=== TASK INSTRUCTIONS ===
What do the entries below say? Restate them word for word.

Short text fragments from websites:

--------------------------------------------------

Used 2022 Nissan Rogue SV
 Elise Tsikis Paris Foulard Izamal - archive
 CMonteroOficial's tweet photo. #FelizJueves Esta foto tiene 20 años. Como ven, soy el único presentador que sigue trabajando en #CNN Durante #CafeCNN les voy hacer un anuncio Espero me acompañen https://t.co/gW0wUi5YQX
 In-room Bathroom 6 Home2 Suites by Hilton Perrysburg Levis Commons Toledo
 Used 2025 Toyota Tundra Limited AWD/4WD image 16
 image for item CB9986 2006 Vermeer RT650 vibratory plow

--------------------------------------------------

=== ANSWER BELOW ===
Used 2022 Nissan Rogue SV
 Elise Tsikis Paris Foulard Izamal - archive
 CMonteroOficial's tweet photo. #FelizJueves Esta foto tiene 20 años. Como ven, soy el único presentador que sigue trabajando en #CNN Durante #CafeCNN les voy hacer un anuncio Espero me acompañen https://t.co/gW0wUi5YQX
 In-room Bathroom 6 Home2 Suites by Hilton Perrysburg Levis Commons Toledo
 Used 2025 Toyota Tundra Limited AWD/4WD image 16
 image for item CB9986 2006 Vermeer RT650 vibratory plow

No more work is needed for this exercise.